Records provided:
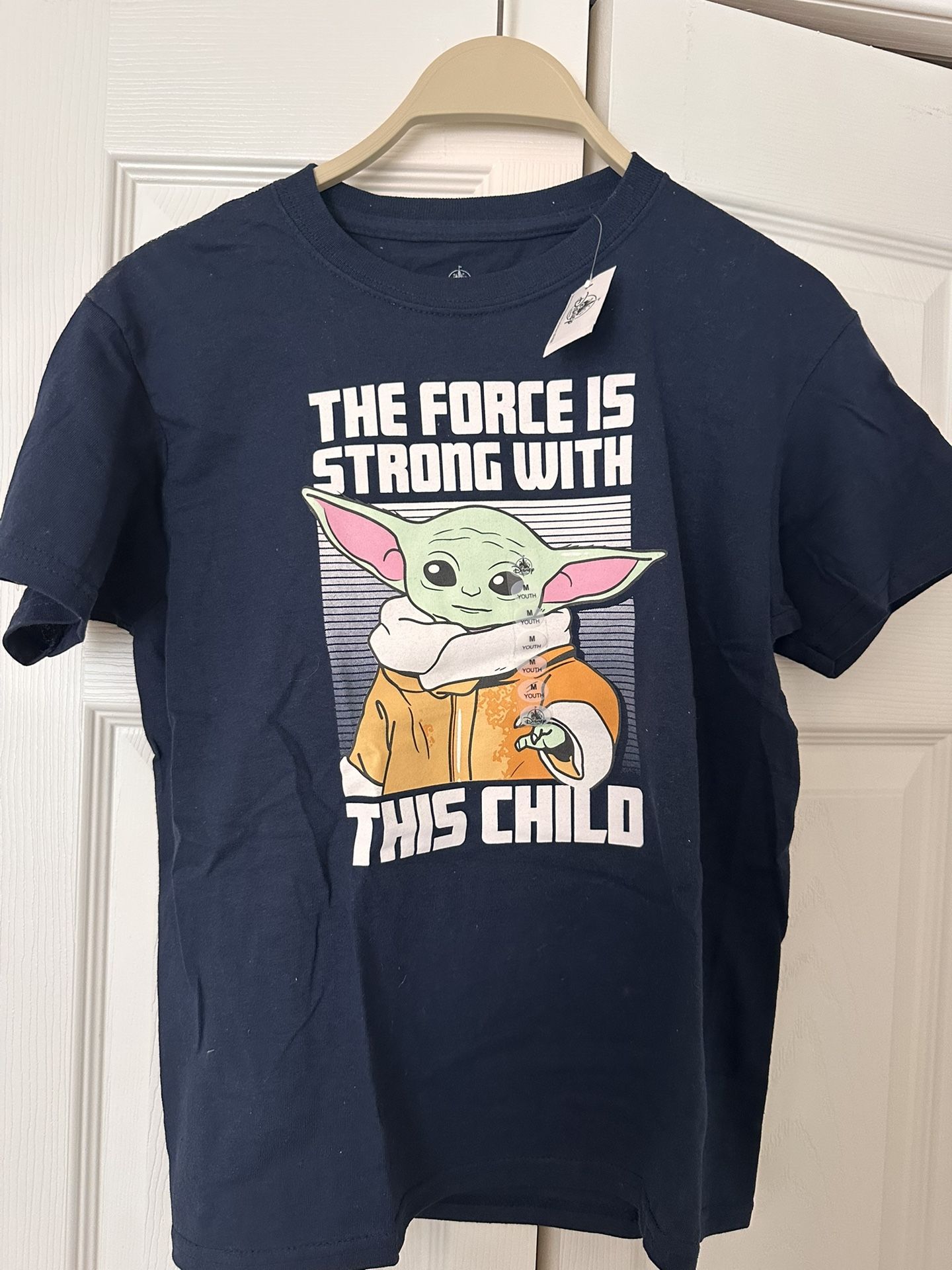 Baby Yoda/ The Child Youth Tshirt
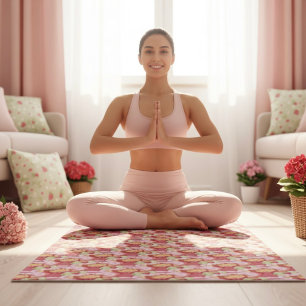Strawberry Yoga Mat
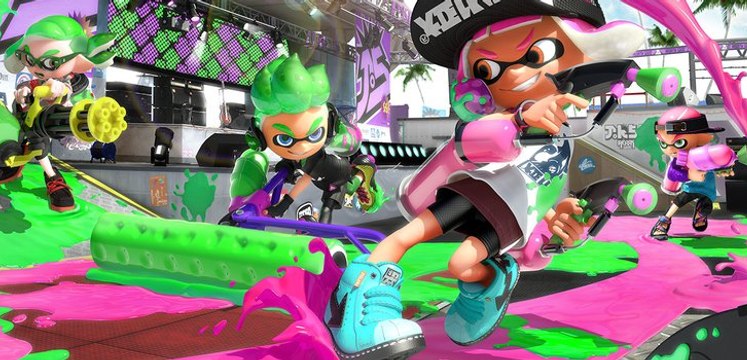 Tráiler de presentación de Splatoon 2 para Nintendo Switch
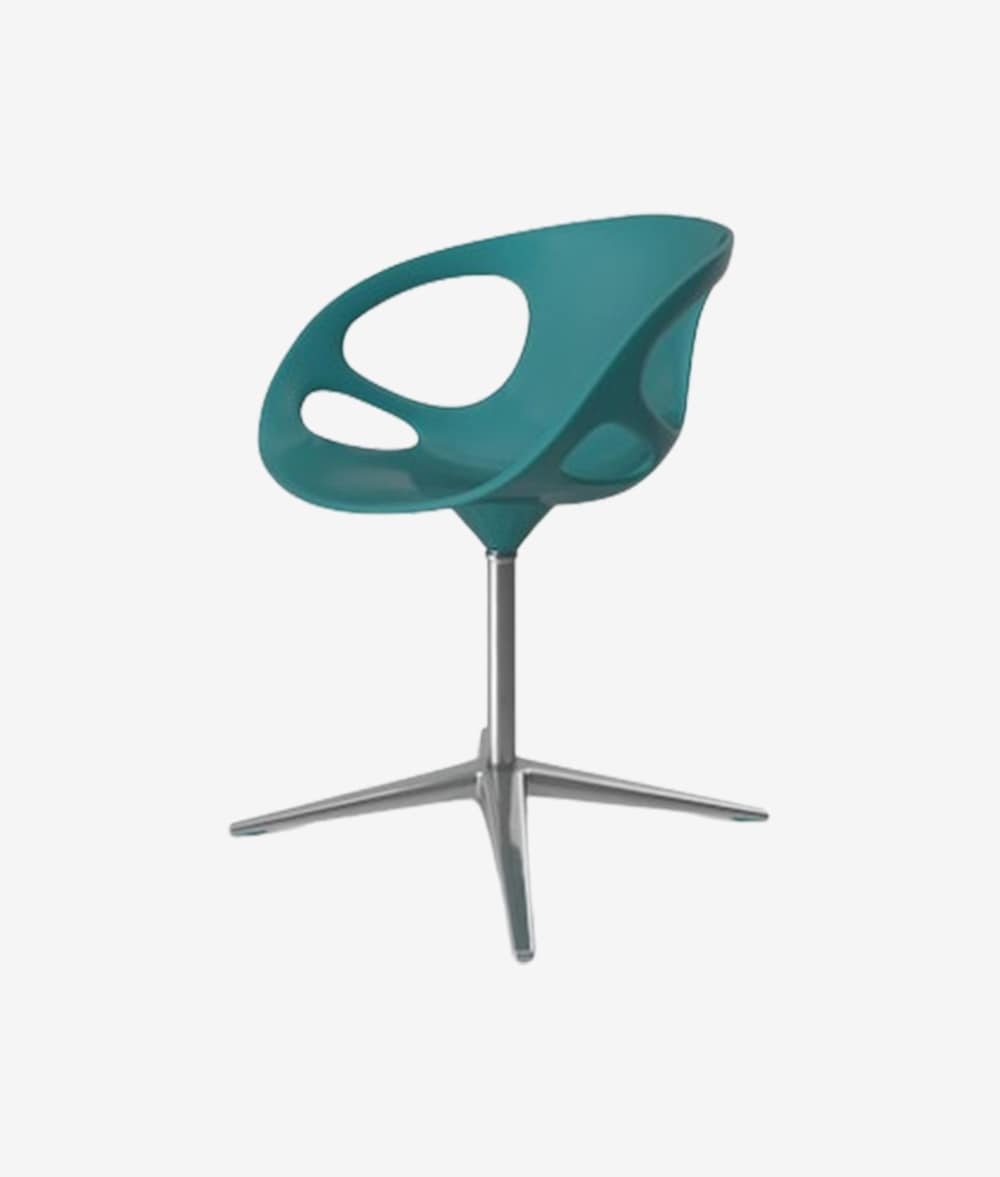 Green fabric chair - Image 5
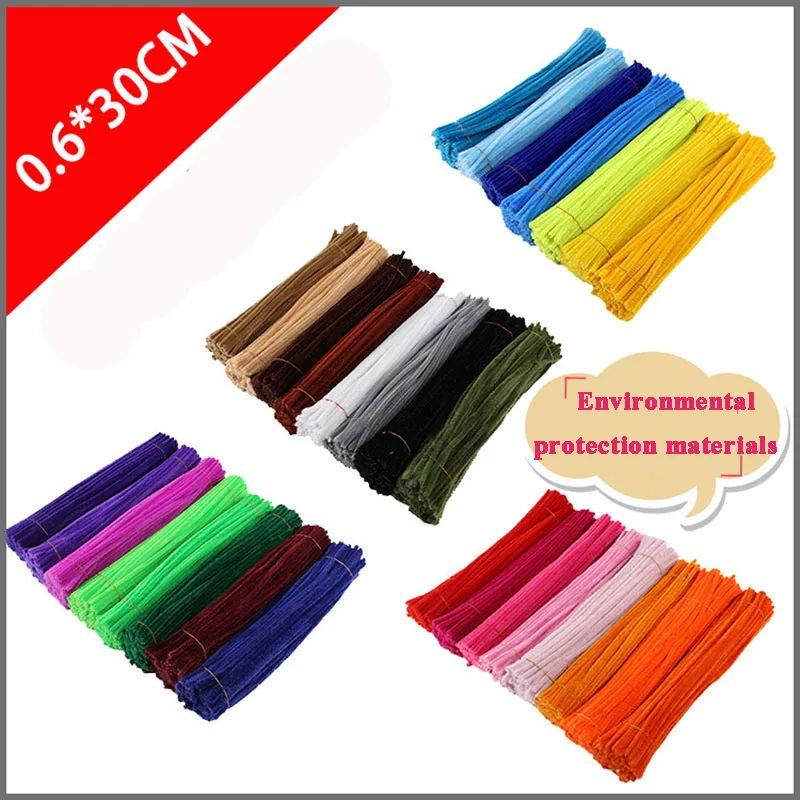 200/300/шт. Разноцветные строительные материалы ручной работы для творчества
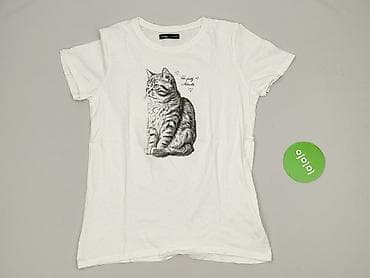 pitbull bluzki: Sinsay, T-shirt damski, rozmiar S — 3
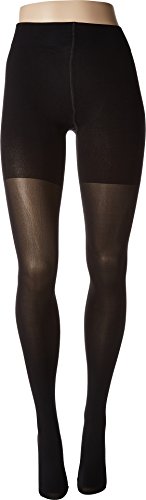 FALKE Damen Strumpfhose Beauty Plus 50 DEN W Ti halb-blickdicht einfarbig 1 Stück, Schwarz Black 3009, LONG von FALKE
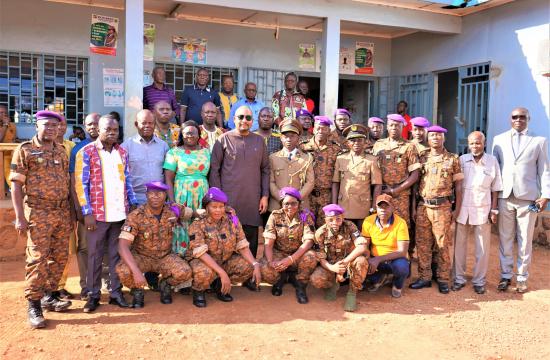 MFB- Hervé NDOBA en visite à Béloko.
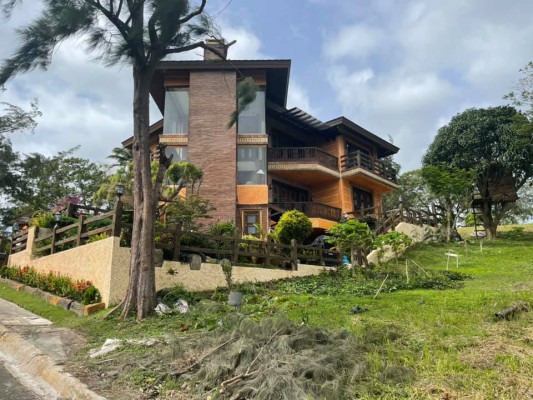 Canyon Woods Mediterranean Style House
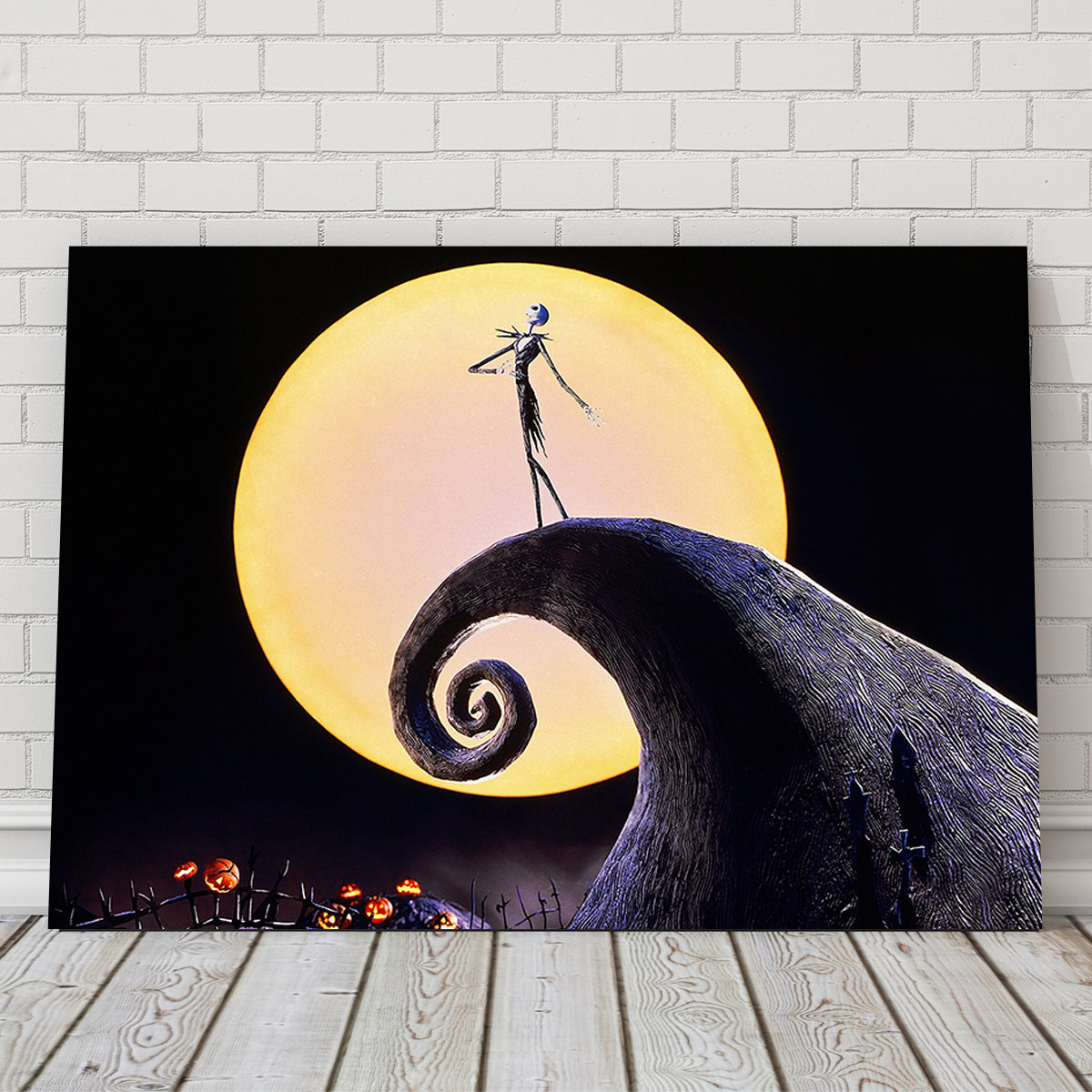 The Nightmare Before Christmas Wall Art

Task instructions:
Beginning at the line with "pitbull bluzki: Sinsay, T-shirt", reproduce each line exactly through the last line of the records above, with pictures left out.

Output:
 pitbull bluzki: Sinsay, T-shirt damski, rozmiar S — 3
 FALKE Damen Strumpfhose Beauty Plus 50 DEN W Ti halb-blickdicht einfarbig 1 Stück, Schwarz Black 3009, LONG von FALKE
 MFB- Hervé NDOBA en visite à Béloko.
 Canyon Woods Mediterranean Style House
 The Nightmare Before Christmas Wall Art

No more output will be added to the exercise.